Me quedé helada. Por primera vez vi a Lucía como una chica asustada, no como una enemiga.

—No es fácil para ninguna —le dije—. Pero podemos intentar hacerlo menos difícil.

No fue una charla mágica ni resolvió todo de golpe, pero fue un comienzo. Empezamos a ponernos pequeños límites: horarios para el baño, turnos para cocinar, reglas para las visitas. A veces discutíamos igual, pero al menos ya no éramos dos extrañas compartiendo un techo.

Julián notó el cambio y empezó a relajarse también. Volvimos a tener nuestras noches de películas (aunque ahora Lucía se sumaba a veces) y hasta salimos los tres juntos a caminar por Parque Centenario los domingos.

No fue fácil ni perfecto.
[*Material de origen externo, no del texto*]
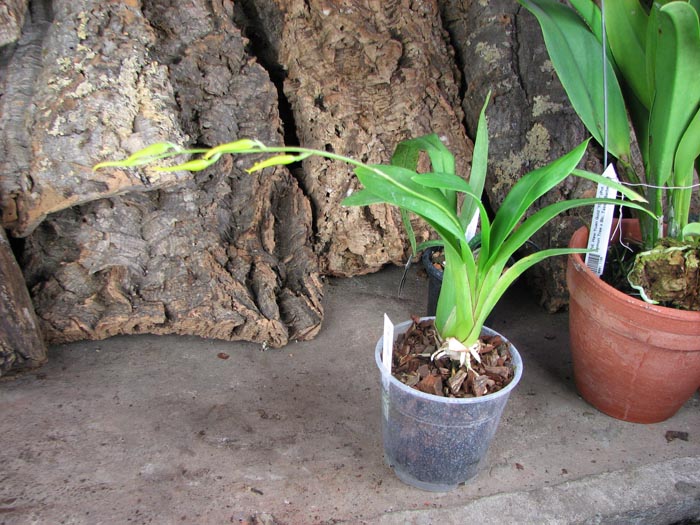 Brassada Mivada (Brassia brachiata X Ada aurantiaca).jpg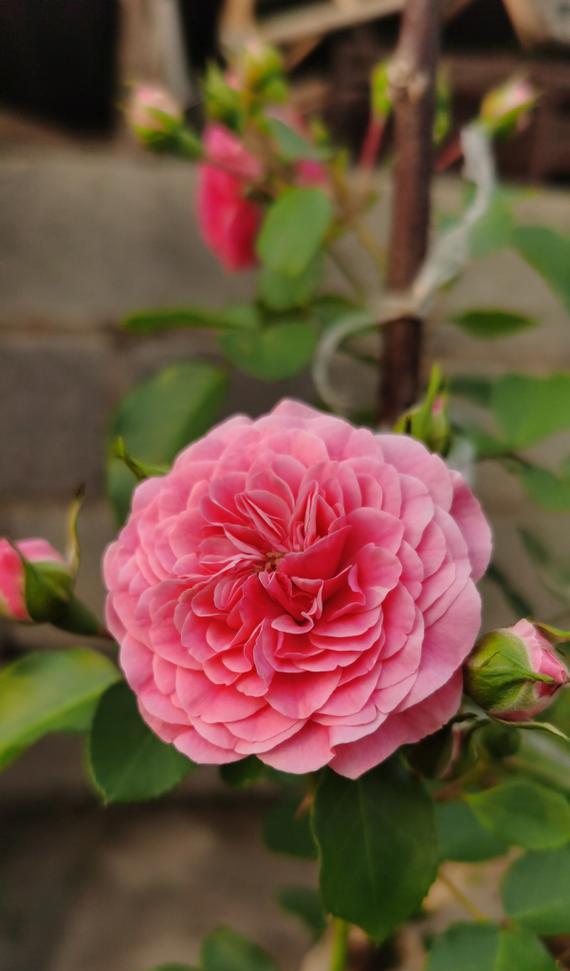粉色花朵的寓意是什么？适合哪些场合？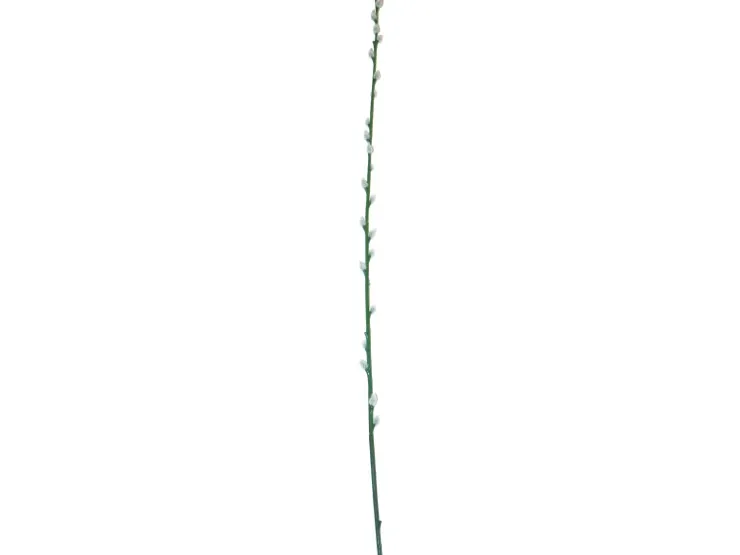 Deko Weidenkätzchen Zweig 100 cm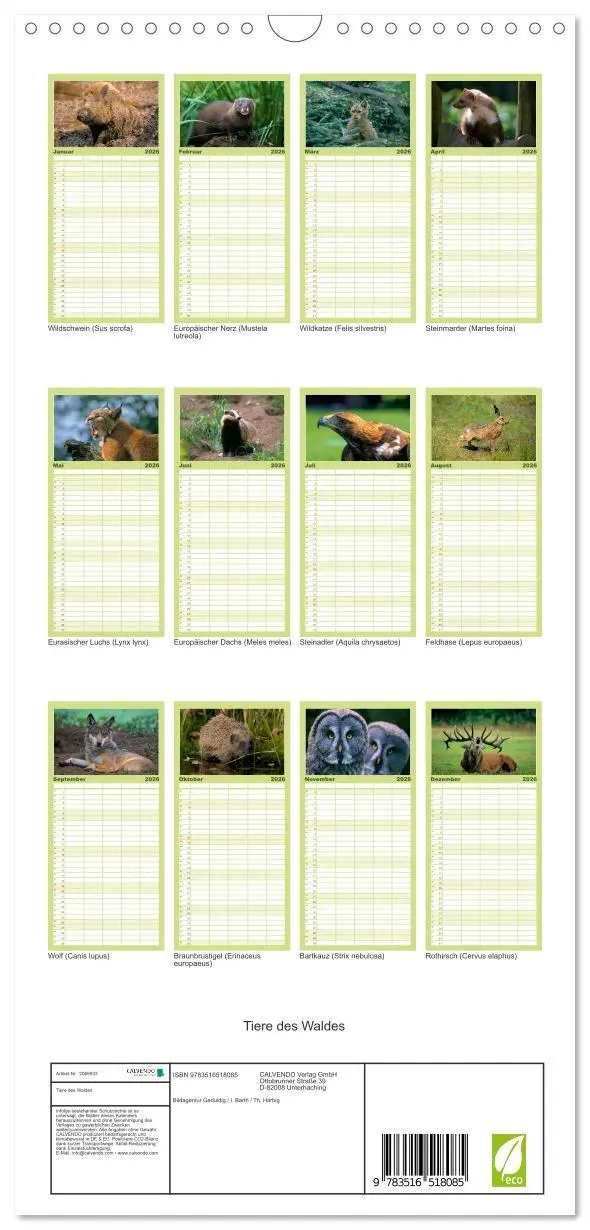 Bild: 9783516518085 | Familienplaner 2026 - Tiere des Waldes mit 5 Spalten (Wandkalender,...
Hubo recaídas: peleas por tonterías, silencios incómodos, lágrimas escondidas en la almohada. Pero aprendí algo importante: las familias ensambladas no se arman con amor romántico solamente; se construyen con paciencia, diálogo y mucha tolerancia al caos.

Hoy miro atrás y me pregunto: ¿Cuántas parejas sobreviven realmente al desafío de mezclar historias rotas? ¿Cuántas mujeres como yo se animan a amar a alguien con pasado sin perderse a sí mismas? ¿Vale la pena intentarlo?

¿Ustedes qué harían en mi lugar? ¿Hasta dónde llegarían por amor?